Quand je suis retournée brièvement au bureau, je n’en ai pas remis. Je me trouvais chic aussi avec ma tenue

Des sensations galvanisantes que partage Katia, 32 ans, directrice de communication, qui après un congé maternité et un confinement a sauté le pas du “no-bra”*. “À la fin de ma grossesse, je ne trouvais pas de bon soutien-gorge. Ma poitrine avait grossi et je n’avais pas envie d’investir dans un nouveau modèle sachant qu’elle allait encore pas mal changer. Puis, avec l’allaitement, je n’ai rien trouvé de plus simple que d’ouvrir ma chemise et de nourrir ma fille au lieu d’acheter un soutien-gorge spécifique”, nous raconte-t-elle, en dépit des injonctions des infirmières de la maternité qui, trois jours après son accouchement lui intimaient de songer à remettre un soutien-gorge. “Quand je suis retournée brièvement au bureau, je n’en ai pas remis”, poursuit-elle. “Je me sentais bien et pas négligée pour un sous. Je me trouvais chic aussi avec ma tenue.”

Toutefois, Katia souligne le malaise généré par l’attitude de certains passants. “Dans la rue ou dans les transports en commun, j’ai senti le regard d’hommes sur moi, comme si ça se voyait, et ça m’a dérangé. Je me suis demandée si mon haut était transparent alors que je savais très bien qu’il ne l’était pas : j’avais vérifié auparavant. Mais forcément, ça se voit lorsqu’on ne porte pas de soutien-gorge car on a fatalement une forme moins ronde”, remarque-t-elle. 

Vers le "no bra", un cheminement progressif

D’autres, au contraire, avaient franchi le pas du “no-bra” bien avant le confinement. C’est le cas de Tanissia, journaliste de 28 ans, qui n’a pas attendu d’être enfermée pour s’en passer. “Avec les années, je me suis rendue compte que j’aime tellement ne rien porter que j’ai complètement abandonné les soutiens-gorges. Je me sens bien, libre, même si je sais que les gens le remarquent”, nous confesse la jeune femme, dont la décision résulte d’un lent processus d’introspection. “Quand j’étais jeune, genre 14-15 ans, je portais que des soutien-gorges un peu rembourrés, j’avais une peur panique que l’on voit la vraie forme de mes seins”, se souvient-elle. “Et puis, petit à petit, j’ai commencé à trouver beaucoup plus jolie la lingerie légère, d’abord avec armature puis des bandeaux, puis des triangles, puis au bout d’un moment plus rien, quand je voulais porter des débardeurs échancrés. J’ai un piercing au téton aussi, et des tatouages sur les côtes, et à chaque période de cicatrisation, je devais éviter de porter des sous-vêtements.”

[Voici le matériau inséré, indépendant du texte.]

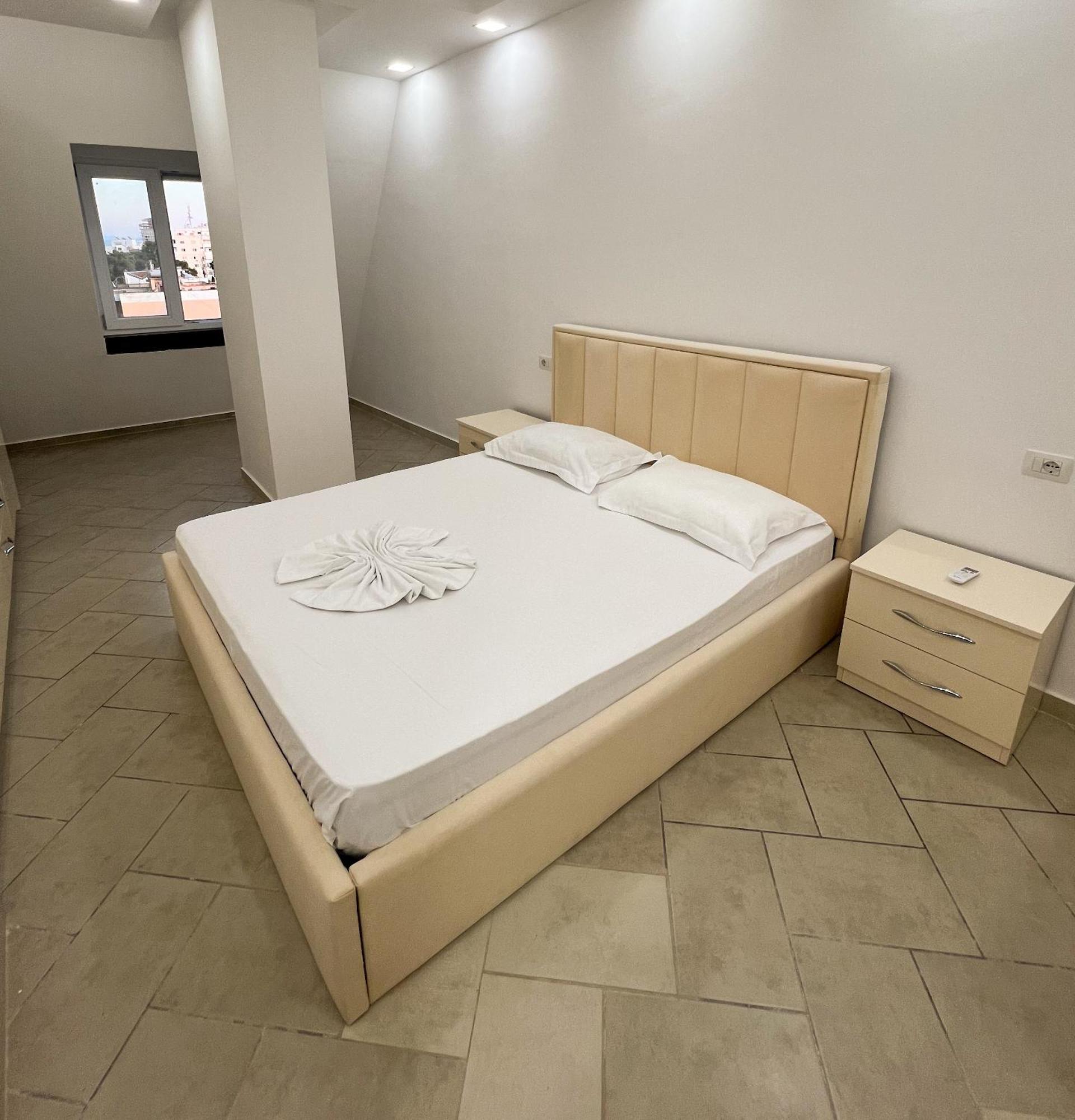 Sea View Apartments Durres Bagian luar foto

Un cheminement progressif, à la fois psychologique et corporel, également entrepris par Johanna, 31 ans, graphiste, dont la morphologie l’a incité très tôt à se passer de soutien-gorge. “Je dirais que j’ai commencé à ne plus en porter au début de la vingtaine. Tout simplement parce que j'avais la sensation que ça ne servait à rien, que mes seins du haut de leur 85A tenaient très bien tout seuls, même pour courir après un bus !”, plaisante-t-elle. “Plus sérieusement, je dirais que ça me semble plus naturel, plus proche de moi et de la simplicité d’esprit et de corps à laquelle j’aspire.”

Mon soutien-gorge, mon choix

Libérées de leurs soutiens-gorges, ces femmes qui ont répondu à notre appel à témoins ne s’en sont pas pour autant débarrassés. Bien au contraire. À contre-courant des injonctions socio-culturelles réduisant le soutien-gorge à un conservateur cache-téton ou à un sublimateur patriarcal de mamelons, nos intervenantes ont, au contraire, fait de cette fameuse pièce de lingerie un outil purement fonctionnelle.

Tantôt esthétique, tantôt sportif, la vocation qu’elles attribuent désormais à leurs soutiens-gorges relèvent moins d’un réflexe automatisé, intériorisé, que d’un choix conscientisé. “Maintenant, j’en porte quand j’ai un haut très transparent ou quand je fais du sport, parce qu’avec un 90C, ça bouge pas mal quand tu cours ou tu fais des sauts. Et aussi quand j’ai envie que la lingerie soit une partie de ma tenue, qu’on devine la dentelle sous ce que je porte, par exemple. Je fais en sorte que ce ne soit plus du tout une contrainte mais un choix de porter un soutien-gorge, parce que j’en ai envie”, nous explique Tanissia dont la démarche a séduit certaines personnes de son entourage.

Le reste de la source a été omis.